▶ _EXERCISE BRIEF_: Print the listing below exactly, images excluded.
RECORDED INFORMATION START
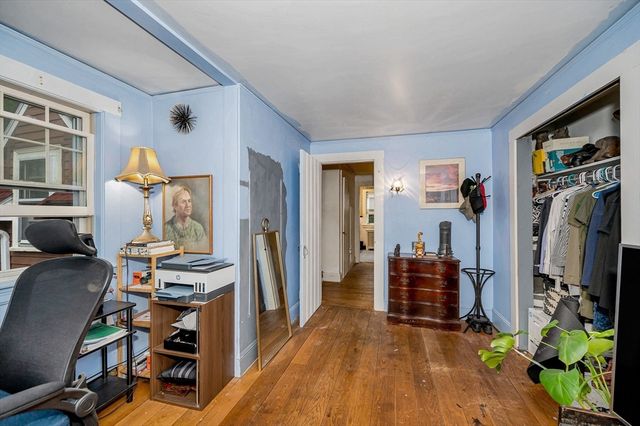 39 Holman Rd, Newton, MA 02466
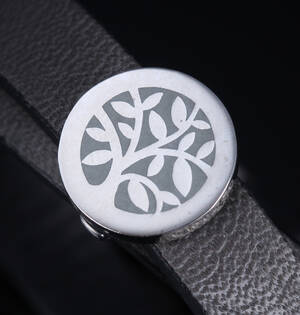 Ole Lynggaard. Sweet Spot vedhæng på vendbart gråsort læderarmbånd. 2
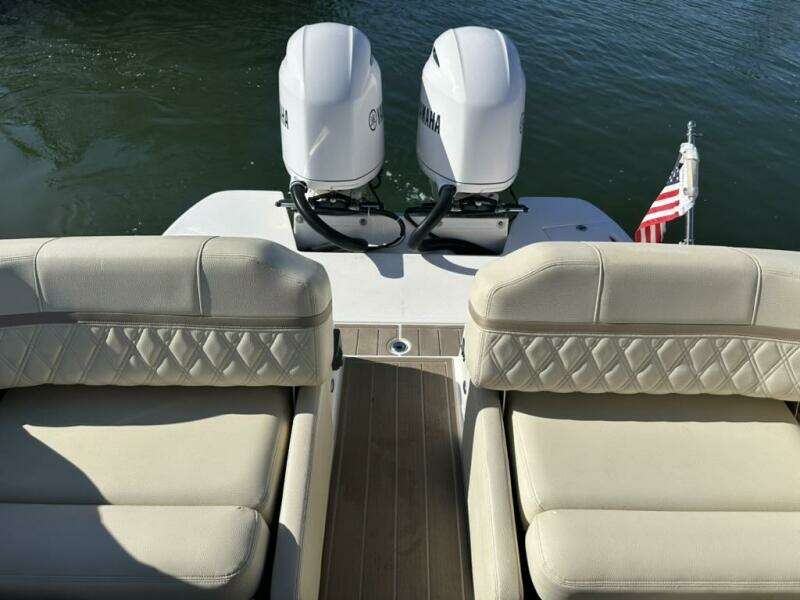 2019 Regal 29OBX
RECORDED INFORMATION END
▶ _RESPONSE TO THIS EXERCISE_:
 39 Holman Rd, Newton, MA 02466
 Ole Lynggaard. Sweet Spot vedhæng på vendbart gråsort læderarmbånd. 2
 2019 Regal 29OBX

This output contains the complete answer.